Depends what you mean by downsampling: for example if you have time as
clustering key in your table you can order data DESC inside partitions and
then just do a select with per partition limit ( last 10 entries in each
partition for example).
But if you would like to extract a totally random subset of data from an
existing table (which would correspond more to downsampling) - then you
need to do this in an analytical layer on top of Cassandra ( like Apache
Spark). As far as I know you cannot do this in Cassandra.
On Fri, Feb 23, 2018 at 9:44 PM, Akash Gangil <akashg1...@gmail.com> wrote:
> Hi Valentina,
> In that case, are there any well defined ways on how to do downsampling of
> data in C*?
> On Fri, Feb 23, 2018 at 11:36 AM, Valentina Crisan <
> valentina.cri...@gmail.com> wrote:
>> as far as I know it is not intended for MV's to have a different TTL than
>> the base tables.

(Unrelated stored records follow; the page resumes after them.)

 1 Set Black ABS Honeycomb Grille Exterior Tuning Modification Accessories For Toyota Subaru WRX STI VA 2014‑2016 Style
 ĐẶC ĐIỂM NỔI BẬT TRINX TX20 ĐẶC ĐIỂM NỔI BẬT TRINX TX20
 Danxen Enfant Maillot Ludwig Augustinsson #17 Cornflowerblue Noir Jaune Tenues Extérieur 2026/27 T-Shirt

There was patch released at some point to not allow TTL
>> setting on MV (https://issues.apache.org/jira/browse/CASSANDRA-12868).
>> MV's should inherit the TTL of the base table.

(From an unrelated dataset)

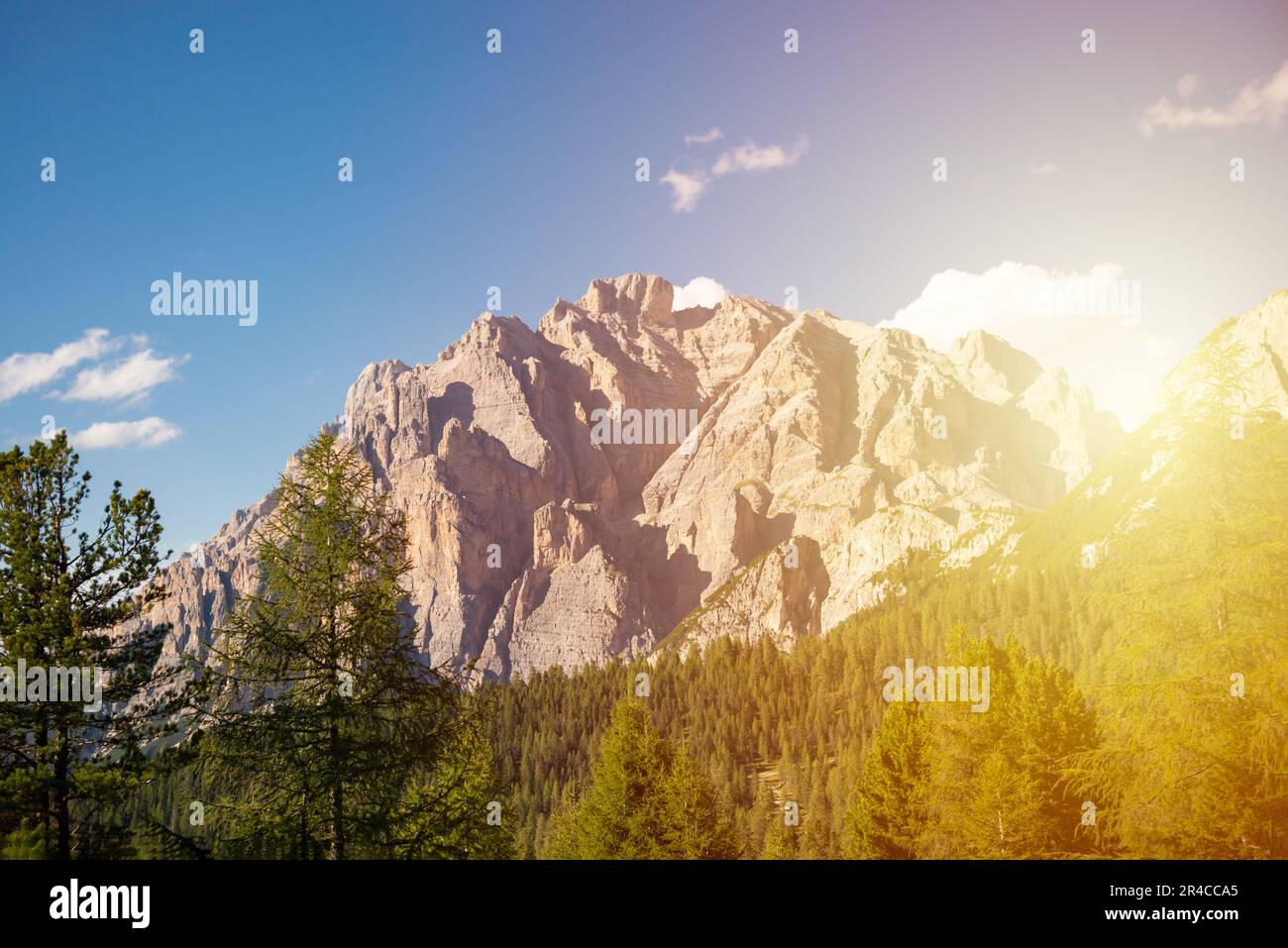 Dolomite alps in northern Italy, beautiful mountain landscape Stock ...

>> On Fri, Feb 23, 2018 at 6:42 PM, Akash Gangil <akashg1...@gmail.com>
>>> I had a couple of questions:
>>> 1. Can I create a materialized view on a table with a TTL longer than
>>> the base table? For ex: my materialized view TTL is 1 month while my base
>>> table TTL is 1 week.
>>> 2. In the above scenario, since the data in my base table would be gone
>>> after a week, would it impact data in the materialized view?
>>> My use case if I have some time series data, which is stored in the base
>>> table by_minute and I want to downsample it to by_month. So my base table
>>> stores by_minute data but my materialized view stores stores by_week data.